Data for review:
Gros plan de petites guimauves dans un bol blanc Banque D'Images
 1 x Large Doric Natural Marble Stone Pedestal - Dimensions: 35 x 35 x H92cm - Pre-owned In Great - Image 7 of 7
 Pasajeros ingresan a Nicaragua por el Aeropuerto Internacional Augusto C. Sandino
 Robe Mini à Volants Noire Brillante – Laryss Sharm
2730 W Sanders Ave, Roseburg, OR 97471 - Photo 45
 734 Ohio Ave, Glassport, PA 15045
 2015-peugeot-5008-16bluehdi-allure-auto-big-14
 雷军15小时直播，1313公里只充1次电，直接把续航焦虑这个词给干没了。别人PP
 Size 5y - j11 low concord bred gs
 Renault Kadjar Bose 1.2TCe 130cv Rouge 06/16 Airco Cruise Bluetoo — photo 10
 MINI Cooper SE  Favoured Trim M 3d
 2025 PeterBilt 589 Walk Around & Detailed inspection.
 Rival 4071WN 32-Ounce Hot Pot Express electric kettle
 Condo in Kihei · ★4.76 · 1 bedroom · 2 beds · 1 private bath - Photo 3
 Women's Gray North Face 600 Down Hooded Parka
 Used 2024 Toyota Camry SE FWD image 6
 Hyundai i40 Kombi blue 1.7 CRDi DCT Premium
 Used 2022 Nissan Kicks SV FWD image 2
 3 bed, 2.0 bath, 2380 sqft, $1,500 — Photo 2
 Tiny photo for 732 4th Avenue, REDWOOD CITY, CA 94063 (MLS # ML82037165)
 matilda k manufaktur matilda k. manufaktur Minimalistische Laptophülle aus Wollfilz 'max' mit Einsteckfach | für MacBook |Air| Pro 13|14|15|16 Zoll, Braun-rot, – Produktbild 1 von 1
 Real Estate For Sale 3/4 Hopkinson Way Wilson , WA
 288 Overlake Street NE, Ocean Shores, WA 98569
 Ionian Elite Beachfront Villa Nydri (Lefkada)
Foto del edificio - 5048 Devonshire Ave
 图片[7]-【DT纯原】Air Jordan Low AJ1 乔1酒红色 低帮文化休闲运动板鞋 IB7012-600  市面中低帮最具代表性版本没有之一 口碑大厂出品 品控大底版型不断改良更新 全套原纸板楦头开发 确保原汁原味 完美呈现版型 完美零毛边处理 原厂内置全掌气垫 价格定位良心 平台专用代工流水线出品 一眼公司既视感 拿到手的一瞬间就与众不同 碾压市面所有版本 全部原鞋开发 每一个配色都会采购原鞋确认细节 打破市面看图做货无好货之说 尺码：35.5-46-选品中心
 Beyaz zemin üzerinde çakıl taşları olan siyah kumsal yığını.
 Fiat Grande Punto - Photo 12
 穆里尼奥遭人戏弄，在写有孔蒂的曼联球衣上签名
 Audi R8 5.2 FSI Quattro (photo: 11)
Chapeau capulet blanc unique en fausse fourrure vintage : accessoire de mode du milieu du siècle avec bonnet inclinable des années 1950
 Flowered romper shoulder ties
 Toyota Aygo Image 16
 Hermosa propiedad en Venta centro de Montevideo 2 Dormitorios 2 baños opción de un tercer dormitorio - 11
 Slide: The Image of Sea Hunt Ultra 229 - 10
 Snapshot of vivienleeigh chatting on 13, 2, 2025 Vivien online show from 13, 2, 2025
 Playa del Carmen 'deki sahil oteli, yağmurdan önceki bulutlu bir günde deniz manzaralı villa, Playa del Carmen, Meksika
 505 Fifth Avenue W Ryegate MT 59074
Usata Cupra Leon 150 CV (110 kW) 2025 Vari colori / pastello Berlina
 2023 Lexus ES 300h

What the task asks:
Find the line that contains "Ionian Elite Beachfront". Repeat it and every line after it, exactly as written, up to and including the last line of the records above.

Exercise answer:
 Ionian Elite Beachfront Villa Nydri (Lefkada)
Foto del edificio - 5048 Devonshire Ave
 图片[7]-【DT纯原】Air Jordan Low AJ1 乔1酒红色 低帮文化休闲运动板鞋 IB7012-600  市面中低帮最具代表性版本没有之一 口碑大厂出品 品控大底版型不断改良更新 全套原纸板楦头开发 确保原汁原味 完美呈现版型 完美零毛边处理 原厂内置全掌气垫 价格定位良心 平台专用代工流水线出品 一眼公司既视感 拿到手的一瞬间就与众不同 碾压市面所有版本 全部原鞋开发 每一个配色都会采购原鞋确认细节 打破市面看图做货无好货之说 尺码：35.5-46-选品中心
 Beyaz zemin üzerinde çakıl taşları olan siyah kumsal yığını.
 Fiat Grande Punto - Photo 12
 穆里尼奥遭人戏弄，在写有孔蒂的曼联球衣上签名
 Audi R8 5.2 FSI Quattro (photo: 11)
Chapeau capulet blanc unique en fausse fourrure vintage : accessoire de mode du milieu du siècle avec bonnet inclinable des années 1950
 Flowered romper shoulder ties
 Toyota Aygo Image 16
 Hermosa propiedad en Venta centro de Montevideo 2 Dormitorios 2 baños opción de un tercer dormitorio - 11
 Slide: The Image of Sea Hunt Ultra 229 - 10
 Snapshot of vivienleeigh chatting on 13, 2, 2025 Vivien online show from 13, 2, 2025
 Playa del Carmen 'deki sahil oteli, yağmurdan önceki bulutlu bir günde deniz manzaralı villa, Playa del Carmen, Meksika
 505 Fifth Avenue W Ryegate MT 59074
Usata Cupra Leon 150 CV (110 kW) 2025 Vari colori / pastello Berlina
 2023 Lexus ES 300h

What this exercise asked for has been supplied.